*Data records*:
---------------
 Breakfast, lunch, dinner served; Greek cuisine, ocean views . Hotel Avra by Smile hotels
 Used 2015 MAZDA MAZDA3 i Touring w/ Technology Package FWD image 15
---------------
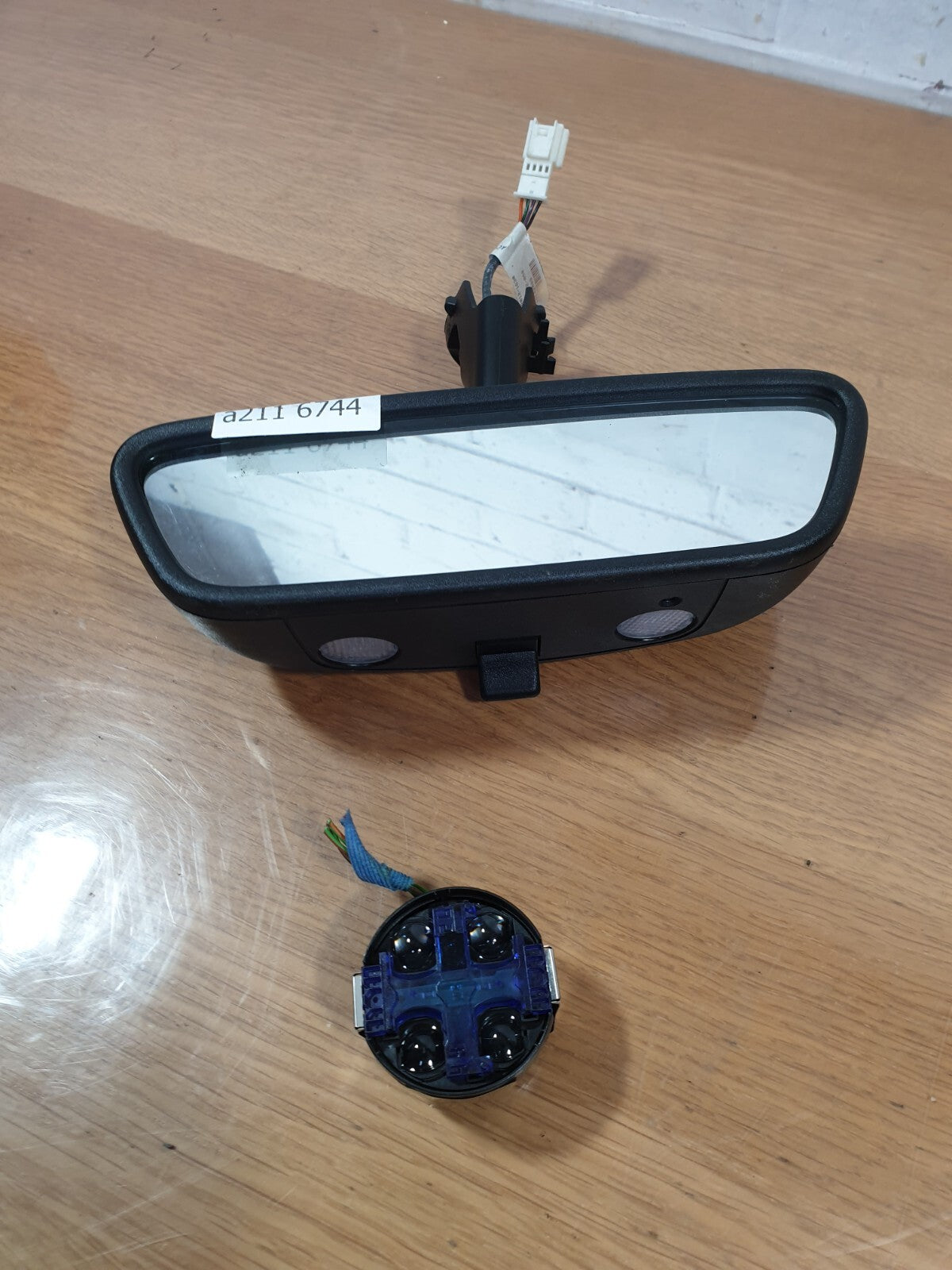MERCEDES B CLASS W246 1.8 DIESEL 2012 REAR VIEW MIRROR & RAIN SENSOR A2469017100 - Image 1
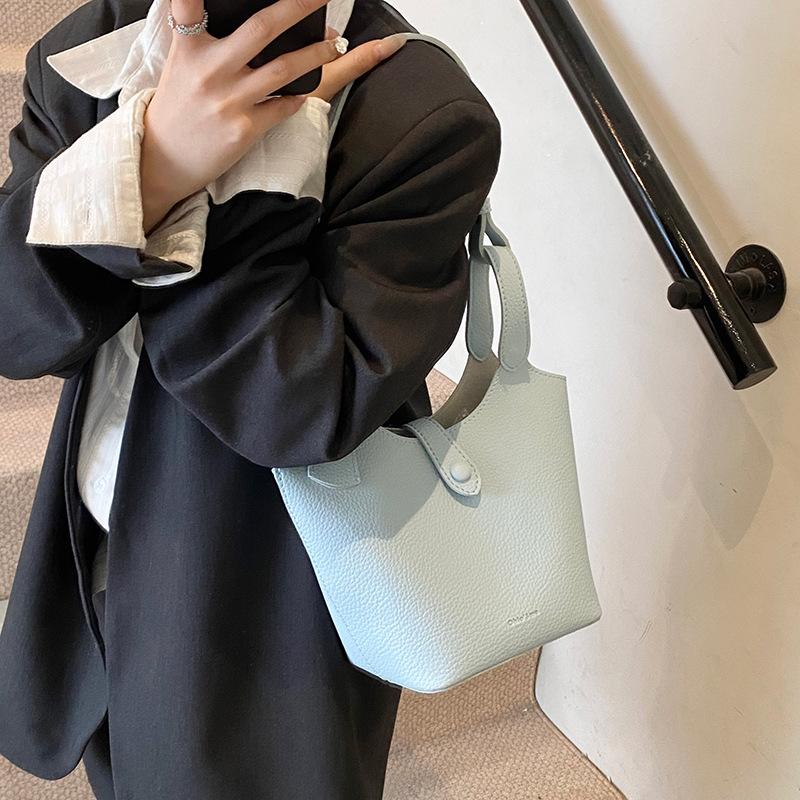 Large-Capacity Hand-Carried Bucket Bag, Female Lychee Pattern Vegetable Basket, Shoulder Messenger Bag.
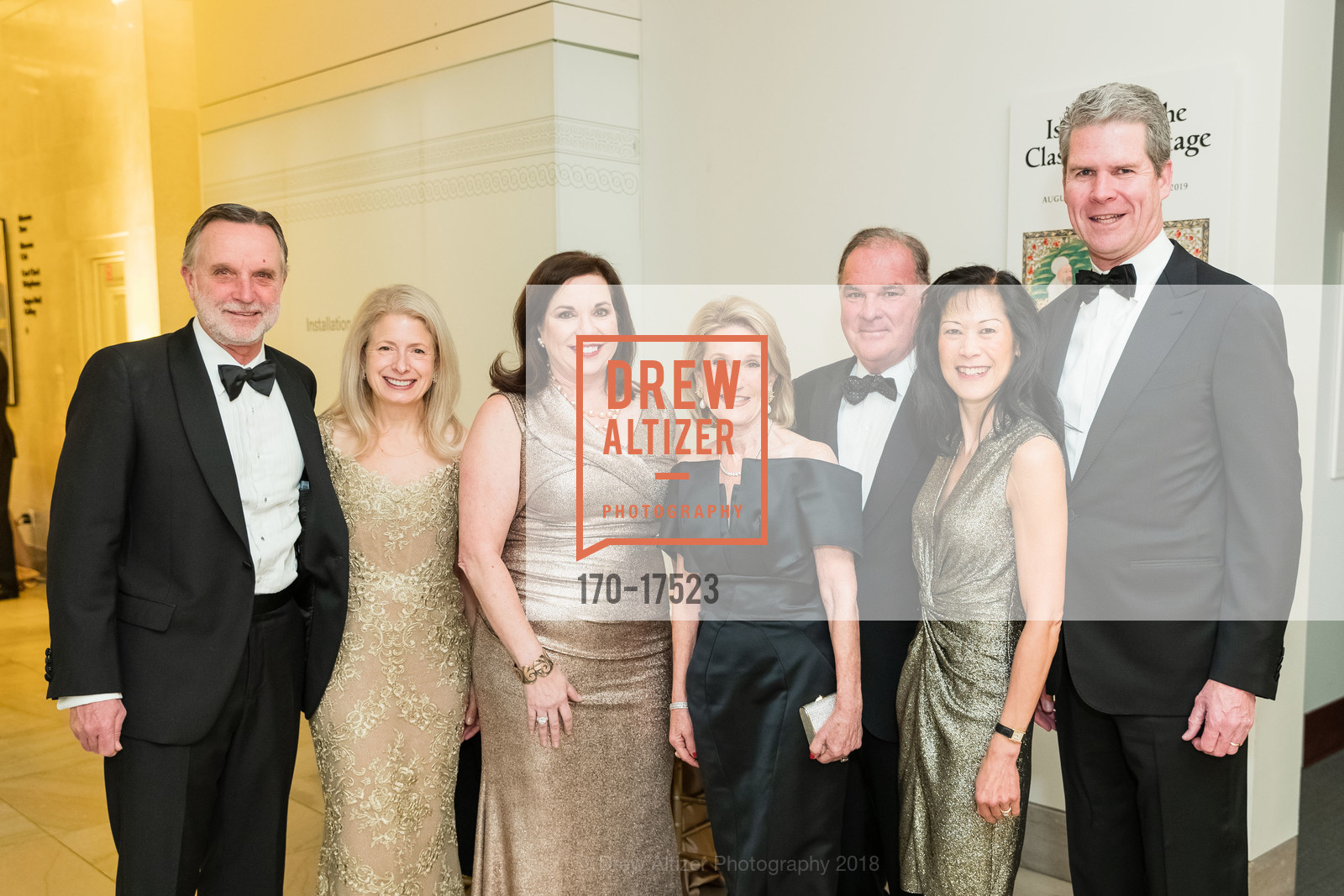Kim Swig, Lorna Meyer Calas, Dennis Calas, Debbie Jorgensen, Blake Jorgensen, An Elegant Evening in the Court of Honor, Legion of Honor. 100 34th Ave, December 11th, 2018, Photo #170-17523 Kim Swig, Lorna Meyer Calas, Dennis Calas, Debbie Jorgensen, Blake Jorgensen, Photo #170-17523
---------------
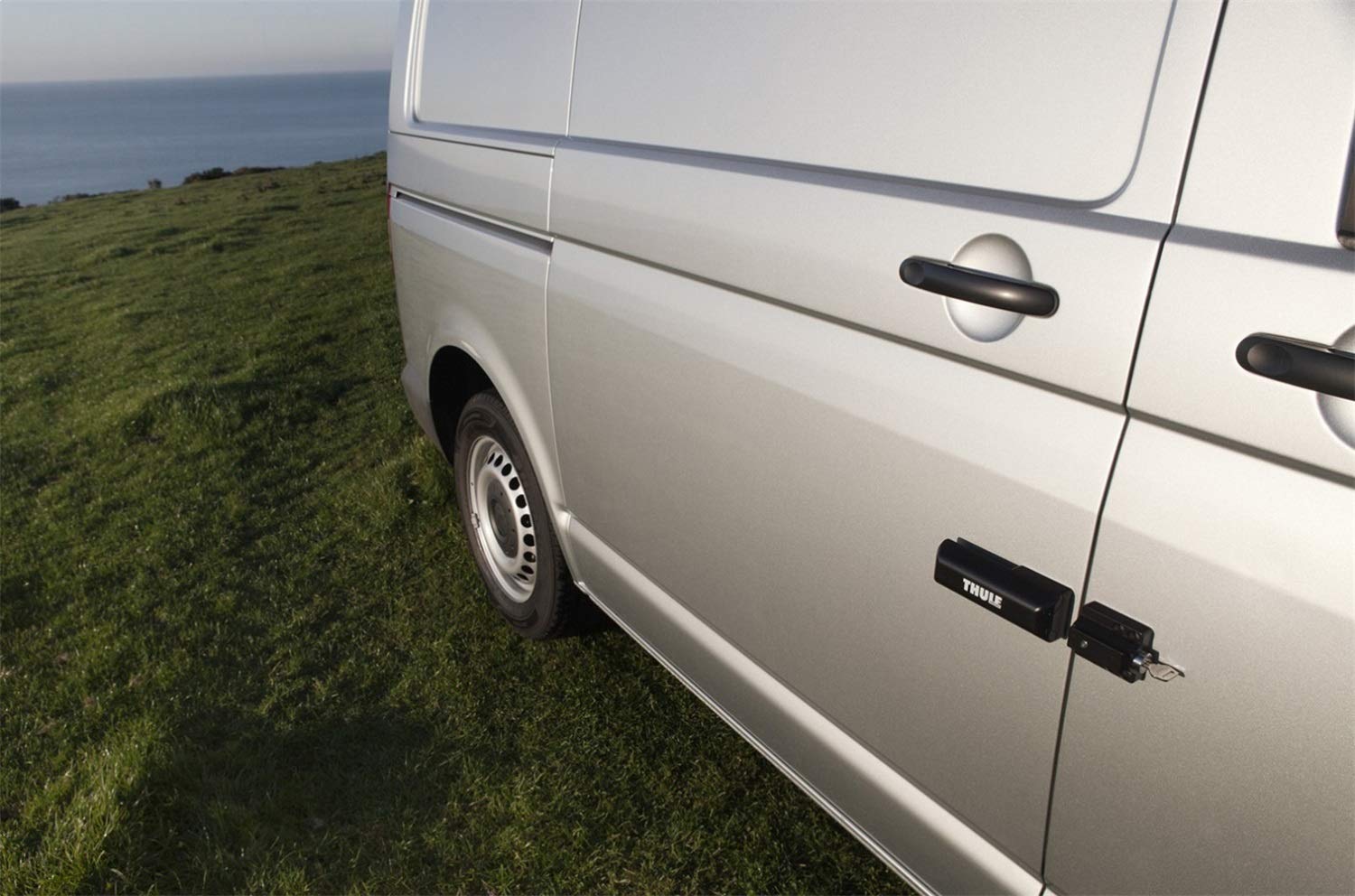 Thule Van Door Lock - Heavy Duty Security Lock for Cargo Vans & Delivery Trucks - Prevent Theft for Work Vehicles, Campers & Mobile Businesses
---------------
*What you will do*:
Every line above between the one containing "MERCEDES B CLASS" and the one containing "Jorgensen, Photo #170-17523", those two included, is to be printed exactly. No pictures go into the copy.

*Output below*:
MERCEDES B CLASS W246 1.8 DIESEL 2012 REAR VIEW MIRROR & RAIN SENSOR A2469017100 - Image 1
 Large-Capacity Hand-Carried Bucket Bag, Female Lychee Pattern Vegetable Basket, Shoulder Messenger Bag.
Kim Swig, Lorna Meyer Calas, Dennis Calas, Debbie Jorgensen, Blake Jorgensen, An Elegant Evening in the Court of Honor, Legion of Honor. 100 34th Ave, December 11th, 2018, Photo #170-17523 Kim Swig, Lorna Meyer Calas, Dennis Calas, Debbie Jorgensen, Blake Jorgensen, Photo #170-17523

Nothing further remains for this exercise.